Wines for the 1%?

originally posted by Jonathan Loesberg:
One doesn't have to believe in a utopia to think that there could be better arrangements of power. Marx didn't write the Soul of Man under Socialism. Oscar Wilde did. And as far as my reading goes, the line about the withering away of the state is pretty much confined to the Manifesto. It is logical to assume that if the 19th century state's raison d'etre was to guarantee a distribution of wealth to owners of the means of production, and bourgeois democracy forwarded that by giving the means of running a state to those with material ownership (as opposed to the preceding monarchic and aristocratic states), then a state in which ownership was distributed among workers would result in an absence of need of then current state mechanisms for guaranteeing the current distribution.You would have to be way stupider than Marx was to think that decision making could be made directly by all workers, so, of course, power would remain, and the withering away, to the extent that it mattered in the larger discourse, exists as what Kant might call a regulatory, utopic ideal. So, in any case, it is usually interpreted by those Marxists who don't run totalitarian states.
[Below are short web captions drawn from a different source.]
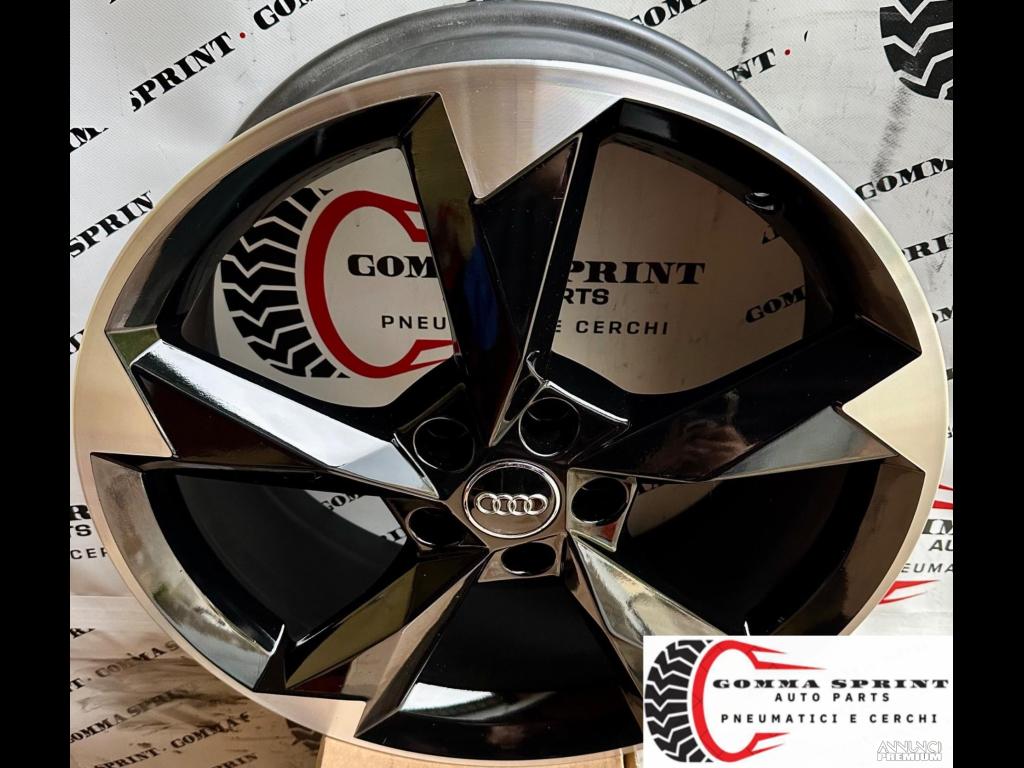 4 CERCHI IN LEGA ORIGINALI RAGGIO 19 AUDI Q3 - 4/11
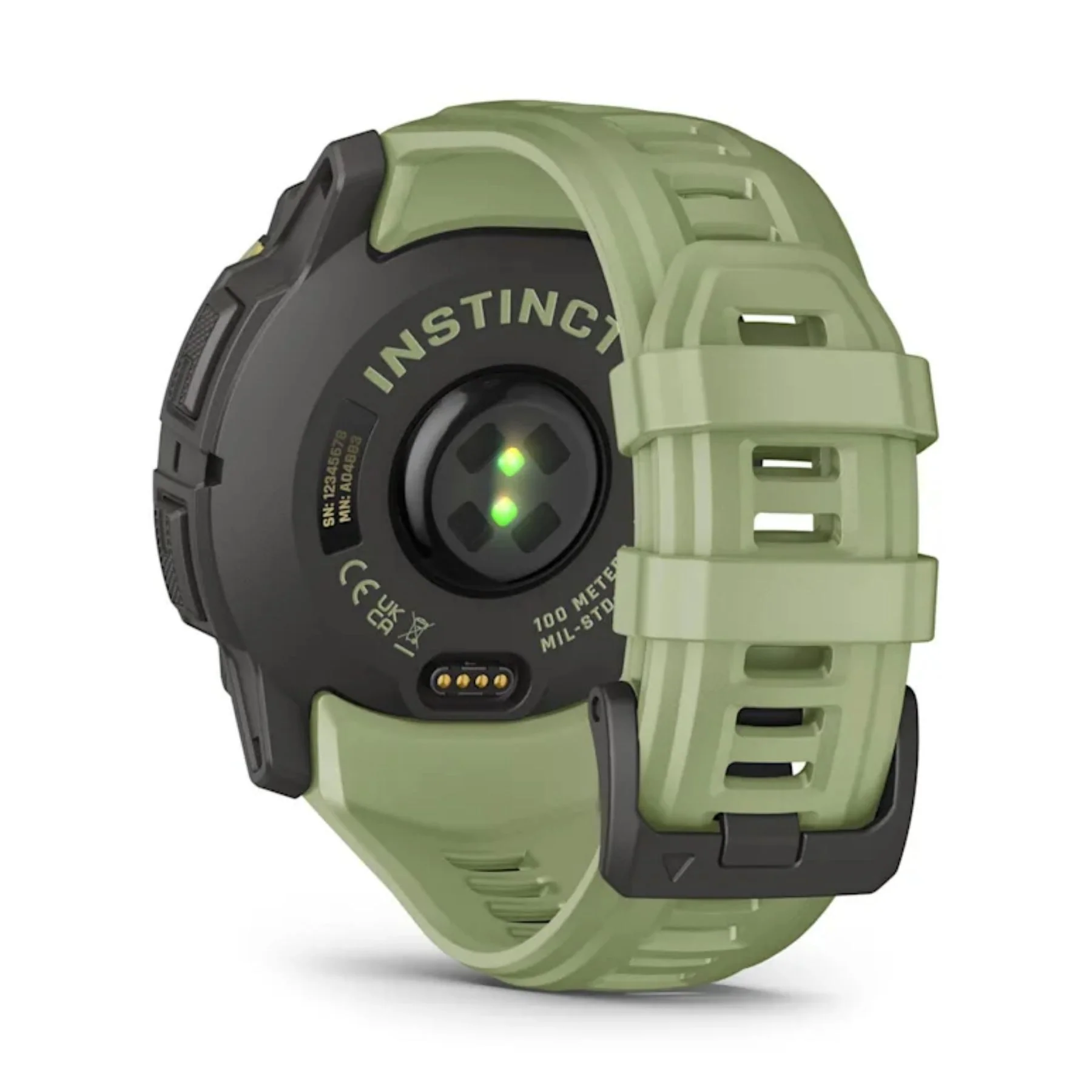 Garmin Instinct 3 AMOLED, 50mm, saniaisenvihreä, GPS-älykello 010-03020-02 - Image 5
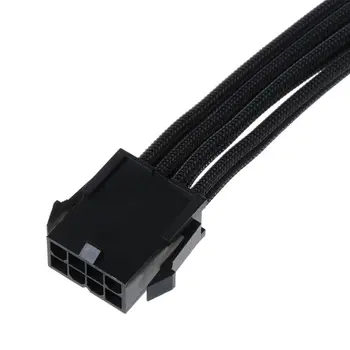 1 Set Pagrindinis Extension Cable Kit ATX 24Pin/ EPS 4+4Pin / PCI-E 6+2Pin/ PCI-E 6Pin Maitinimo ilgiklis KOMPIUTERIUI Kompiuterių Priedų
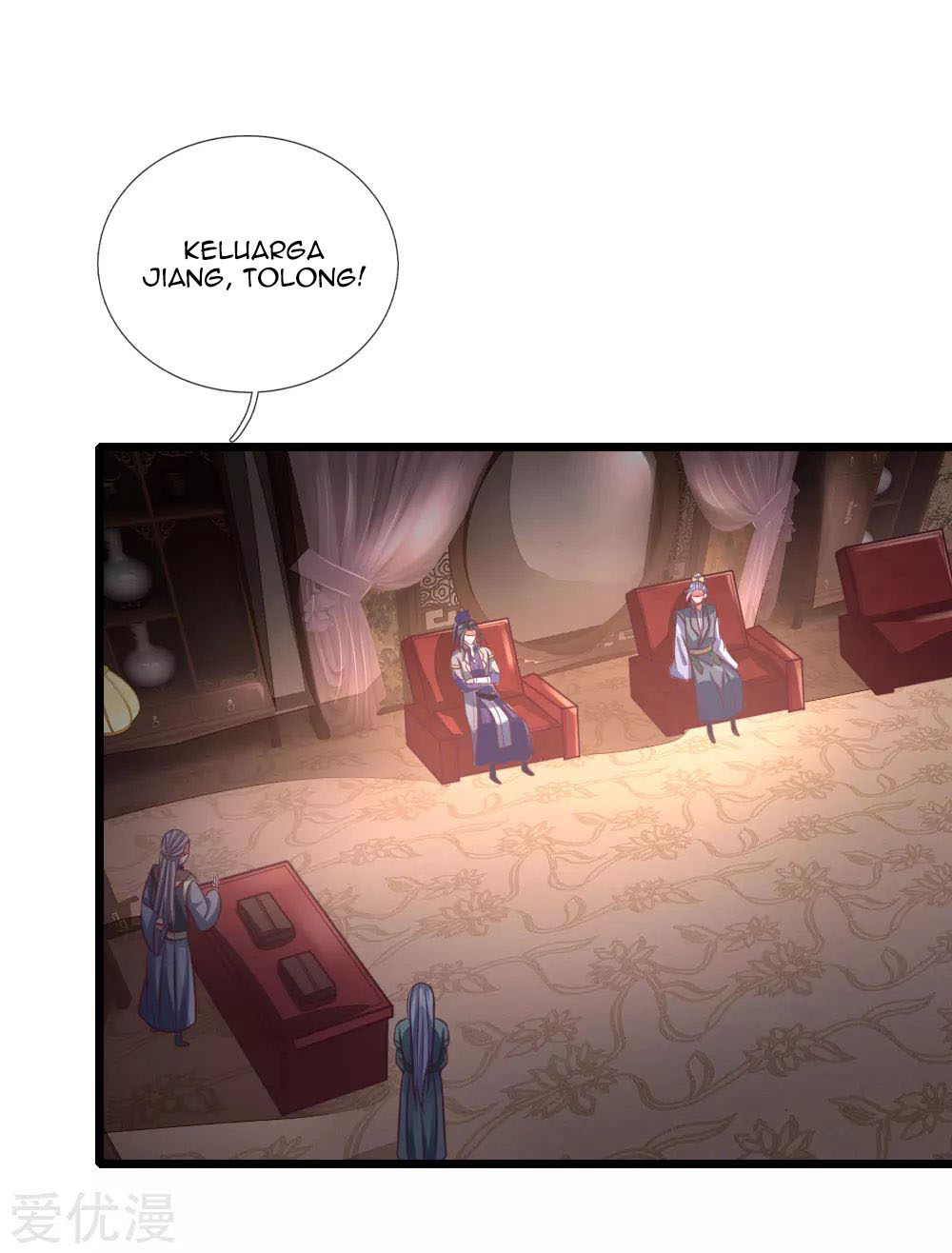 Shenwu Tianzun Chapter 88 - halaman 10
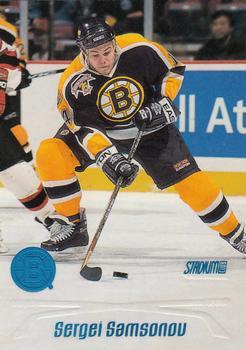 #135 Sergei Samsonov - Boston Bruins - 1999-00 Stadium Club Hockey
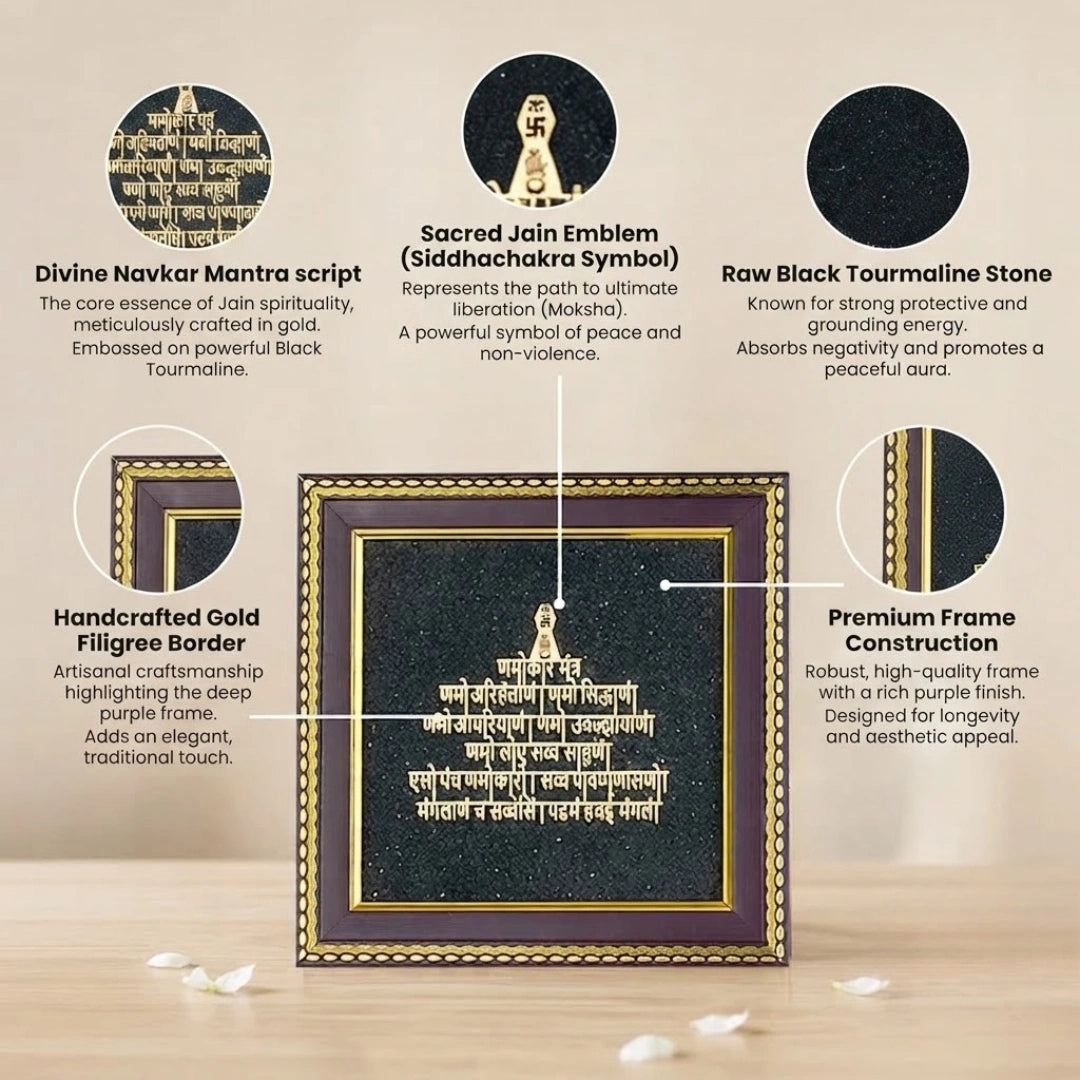 Jain Namokar Mantra Frame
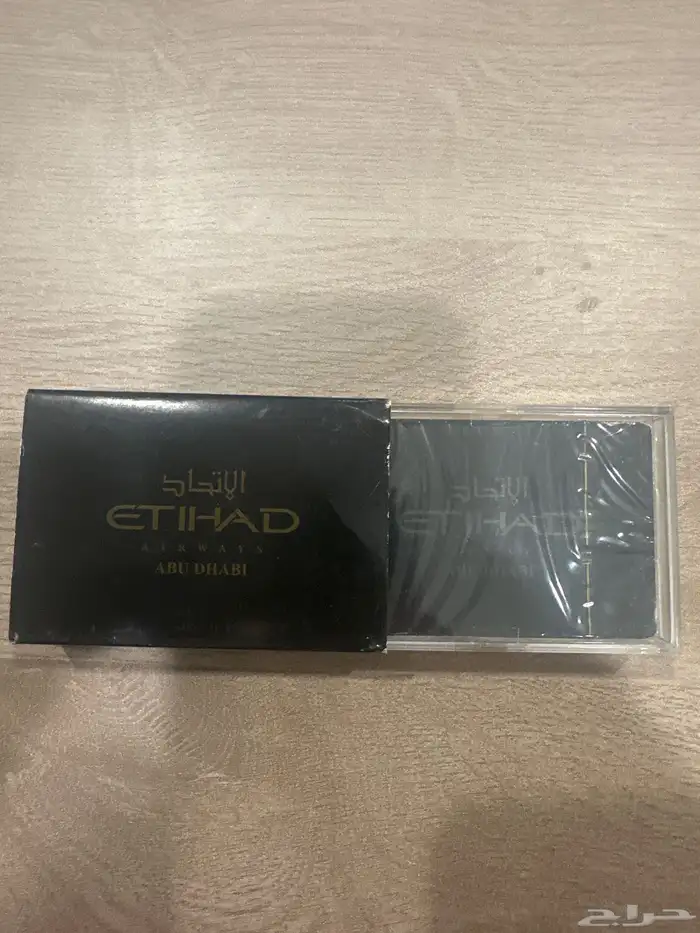 ورق لعب من خطوط الاتحاد Etihad Airways playing cards 0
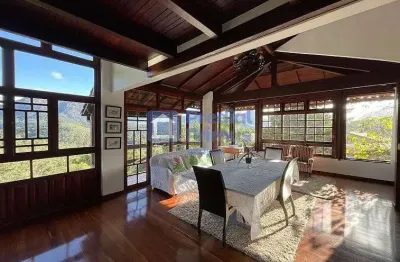Casa à venda, 240 m² por r$ 1.490.000,00 - santa elisa - nova friburgo/rj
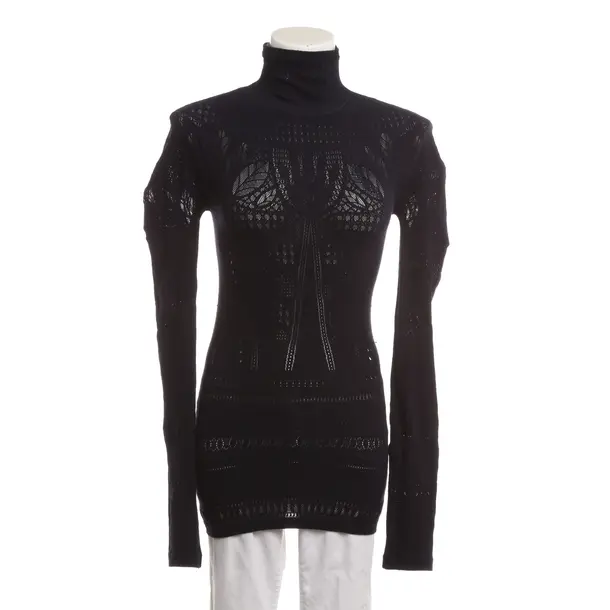 Longsleeve, in Navy, Polyester, High Use
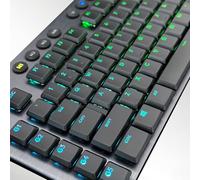 for G915,109 Keys Full Keycaps Set,Shine Through Custom Keyboard Keycaps Replacement for Logitech G813/G815/G913/G915 TKL RGB Mechanical Gaming Keyboard. (Black)
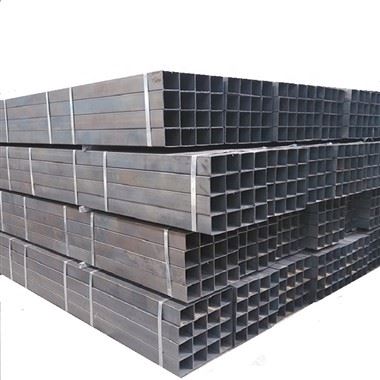 ASTM A 53 Tub pătrat sudat galvanizat, laminat la cald, cu formă la rece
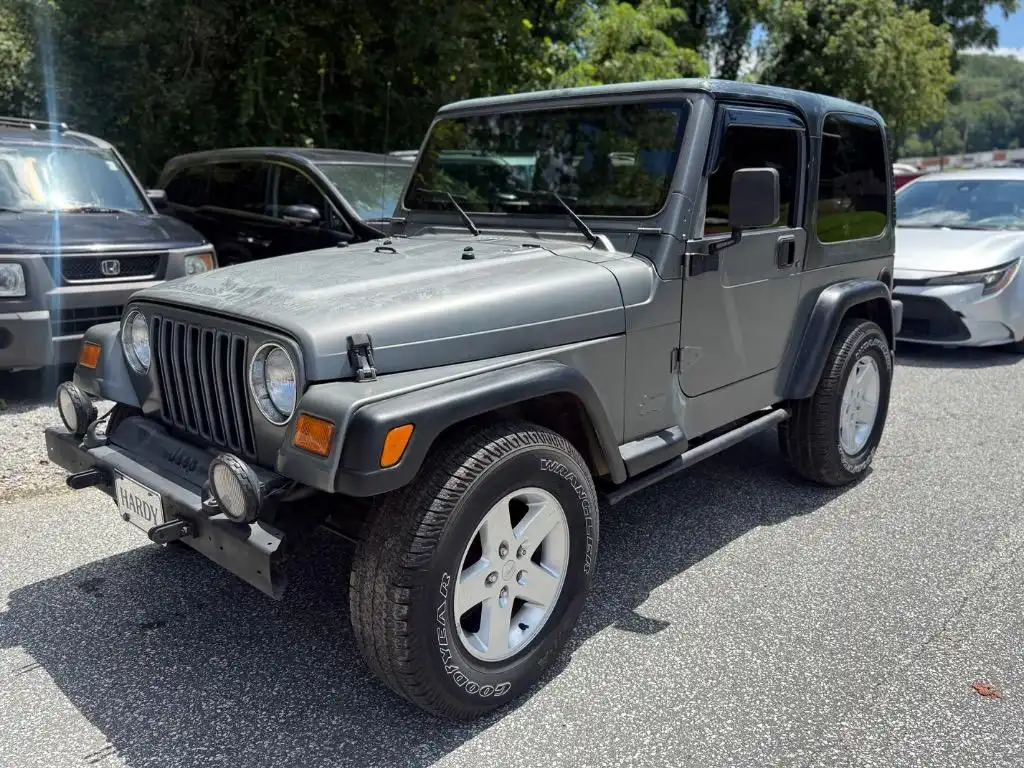 2002 Jeep Wrangler Sport's photo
It's worth remembering in these exchanges, that probably 80% of what Marx wrote, if his name weren't attached to it, would be regarded as ideologically neutral sociological and economic analysis. I wager that if you gave me the right to excise about 5% of the Capital, I could publish the rest under the name of David Ricardo and no one would notice. Surplus profit, after all, is a genuine intellectual problem in 19th century capitalism and its concept of the labor theory of value and Marx was right to be concerned about it.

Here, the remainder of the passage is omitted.